John 14_20,
Is a spirit incarnate? In the Incarnation, YES
Ah.. the inclusion trick.
No no: "a spirit hath not flesh and bone". The 2 things are separate and exclusive of the other. That is why they have different names.
When Jesus said God is spirit, He Himself was both God and Man AT THAT TIME. So Jesus saying that God is Spirit does not conflict with God being human - unless Jesus was secretly confessing he wasn't really God.
So could we extend that to the fact that because Jesus was born 2000 years ago, that 1/3 of God was born then too, and that before that only 2/3 of God existed?
But rather, understand that Jesus was speaking in time, and that His statement concering the composition of God, was concerning God in eternity.
Similarly, when Elijah and Moses appeared with Jesus in the transfiguration, they appeared in their final state, yet Christ had not come to resurrect them yet.
They did not then go back to the grave, but rather, what the disciples were seeing in time, was their having been resurrected already outside of time.
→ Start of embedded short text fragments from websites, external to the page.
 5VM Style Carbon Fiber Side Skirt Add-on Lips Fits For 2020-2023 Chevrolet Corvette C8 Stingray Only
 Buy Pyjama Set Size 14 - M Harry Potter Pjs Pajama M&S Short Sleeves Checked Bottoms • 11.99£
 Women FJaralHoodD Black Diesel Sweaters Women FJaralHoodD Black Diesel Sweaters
When you die, you will die the same time as everybody else. For outside of time, everything is at the same 'point'. This is why Jesus said, "Before Abraham was, I am".
When God made man how long had he been unincarnate? Strange question, and quite moot. The answer is infinite, forever, unanswerable or something like that.
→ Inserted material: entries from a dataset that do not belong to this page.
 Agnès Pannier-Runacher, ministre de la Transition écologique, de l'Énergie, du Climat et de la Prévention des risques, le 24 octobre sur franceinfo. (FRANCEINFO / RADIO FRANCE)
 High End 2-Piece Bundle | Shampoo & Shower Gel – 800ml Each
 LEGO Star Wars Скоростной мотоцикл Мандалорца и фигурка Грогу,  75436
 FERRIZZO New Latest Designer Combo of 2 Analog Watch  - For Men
Not as strange as your answer. Until you answer it, you are in default.
Now, put that together with James 1:17 as you have requested (God does not change) and you are obviously looking for a conclusion that states that God must still be spirit.
Well if that verse leads you to think that this might be the conclusion, then what does that tell you about your theology?
Here's another for you: when Christ appeared physically to Abraham before Sodom, was he incarnate?
But if God was Spirit, and He cannot change, and He is still Spirit, then He never could have become man.
He can become man in the time realm. And He created time inside of Himself.